Dr Thabane has been named as a suspect by Commissioner Molibeli while the First Lady, 'Maesaiah Thabane, was last Wednesday charged with the murder of Lipolelo who was shot dead as she was about to drive into her Ha 'Masana home on 14 June 2017. The incident occurred just two days before Dr Thabane's inauguration as prime minister.
Thato Sibolla, who was in the car with Lipolelo when she was gunned down, sustained serious injuries in the shooting. Dr Thabane's All Basotho Convention (ABC) has asked the veteran leader to step down in the wake of Commissioner Molibeli's allegations against him. Dr Thabane has since agreed to go but insists he is retiring only on account of his advanced age.
Addressing the LCD faithful on Sunday, Mr Metsing said while Dr Thabane and the First Lady's guilt or innocence could only be decided by the courts of law, he knew for sure that Dr Thabane did not want the Lipolelo murder thoroughly investigated hence the 2017 ouster of Mr Letsoepa and the latest bid to sack Commissioner Molibeli.
Dr Thabane last month advised King Letsie III to appoint Assistant Commissioner of Police, Janki Hlaahla, to replace Commissioner Molibeli. The appointment of Mr Hlaahla should have been with effect from 10 January 2020 but it has since been blocked by a 12 January 2020 interim High Court order pending the finalisation of Commissioner Molibeli's application for a final order to stop Dr Thabane from recommending his removal from office. Prior to recommending his ouster, Dr Thabane unsuccessfully attempted to suspend Commissioner Molibeli for 60 days for alleged misconduct and incompetence including his alleged failure to address the pressing issue of police brutality against civilians.

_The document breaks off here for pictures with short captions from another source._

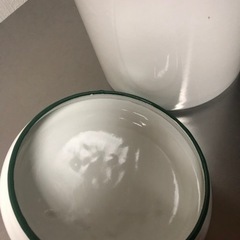 🌈値下げ‼️No.80 レトロ　ブリキ　白　缶✨骨壷とちゃいまっせ💦の画像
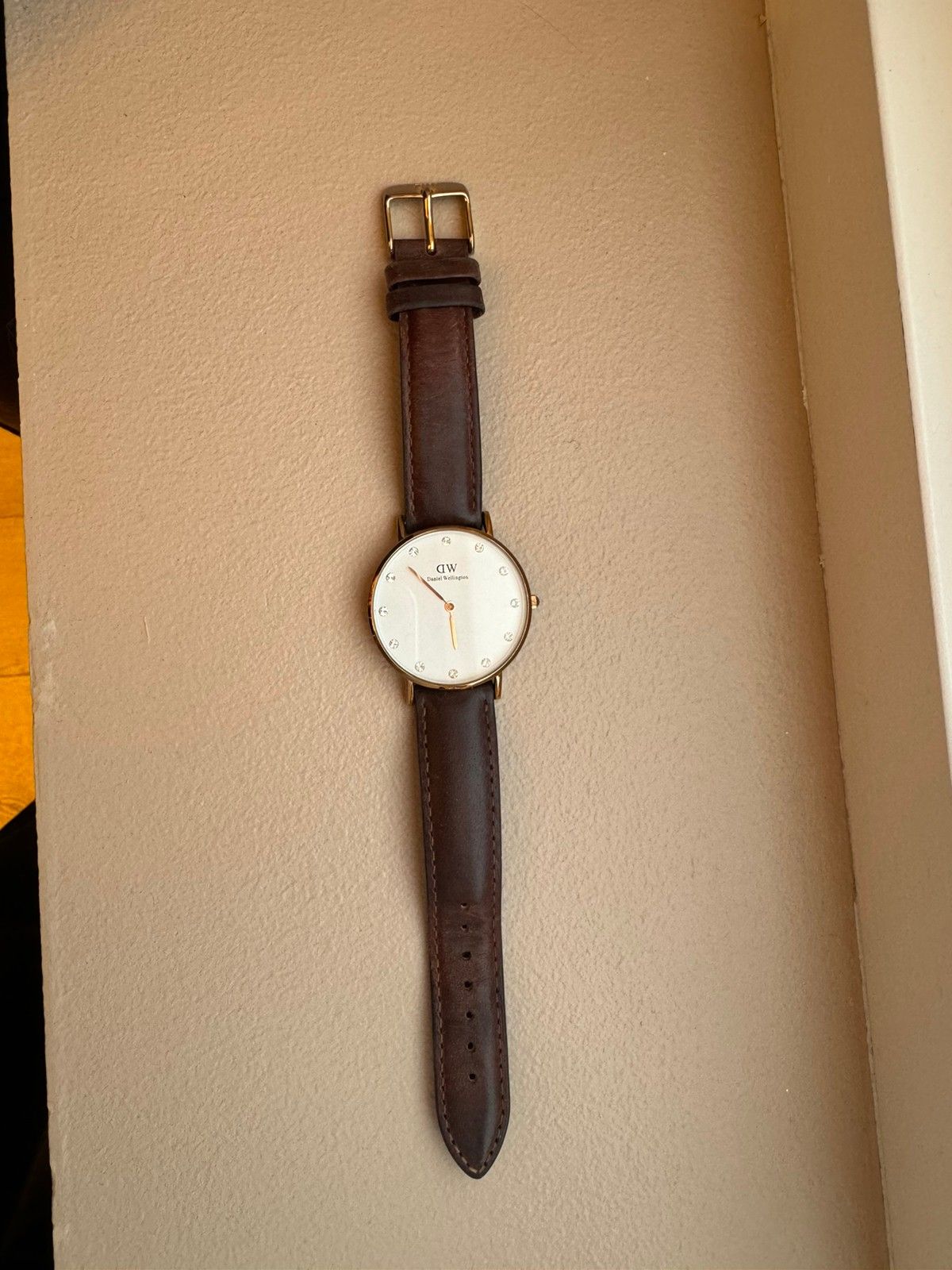 Daniel Wellington Swarowski Klokke Finn Torget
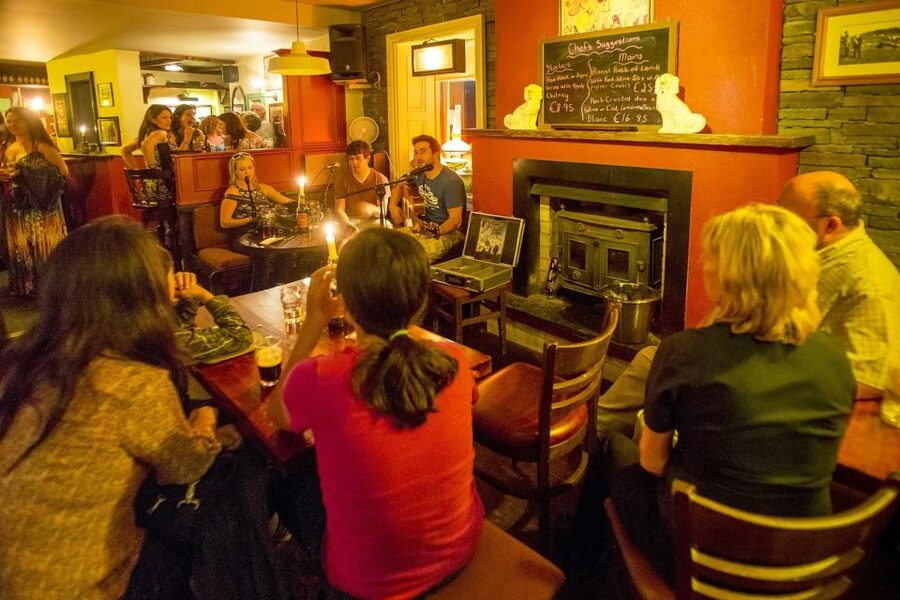 From Dublin: Cliffs of Moher Small Group Tour - How the small-group setup feels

Commissioner Molibeli successfully challenged the bid to suspend him in court. In his court papers he denied the allegations that he failed to address the issue of police brutality and insisted that his "irregular and unlawful" suspension was done in bad faith only because he wrote to the premier implicating him in the murder of his former wife, Lipolelo.
Commenting on the issue at the LCD rally on Sunday, Mr Metsing said just like he had done to Mr Letsoepa in 2017, Dr Thabane now wanted Commissioner Molibeli gone to stop him from completing the investigations into Lipolelo's murder.
"Today the ABC wants Prime Minister Thabane gone, saying that he has killed a person. But we have always known that some prominent ABC members were implicated in his wife's murder.
"You will all remember that when all these things (the murder) happened, I was the outgoing deputy prime minister and chairperson of security affairs. I remember very well that when I demanded to know what was going on in this matter (murder) investigation, (incoming) PM Thabane called the then Commissioner Molahlehi Letsoepa and asked him to deal with me and the investigating officers who wanted to arrest the First Lady.
"Letsoepa never acted on the directive and two weeks later he was sent on forced leave. Letsoepa was unlawfully dismissed and today the same thing is happening to the one who was appointed to replace Letsoepa. Today the same people who were happy when Holomo Molibeli took over now want him gone. They are fighting," said Mr Metsing without elaborating on how Dr Thabane had wanted him to be dealt with. Subsequent attempts by the Lesotho Times to get an explanation proved fruitless as Mr Metsing did not answer or return calls to his mobile phone this week.
In another development, Mr Metsing said he would push for the establishment of a government of national unity (GNU) when parliament opens on 21 February 2020.
He said only a GNU could bring peace and stability to Lesotho as well as spearhead socio-economic development through job creation and poverty alleviation programmes.
"We are ready to engage other parties on board to form a government of national unity because as things stand the opposition has 51 seats in parliament and we are only short of 10 (to have a majority). I don't think it's impossible to get the support for the GNU.
"We need a GNU for the common good of the people and not for individual gain. We have too many national issues that need to be tackled including poverty and unemployment.
"We accept that having been in government in the past, we are all at fault and the problems of this country emanate from divisions that have been brought about by our politics," Mr Metsing said.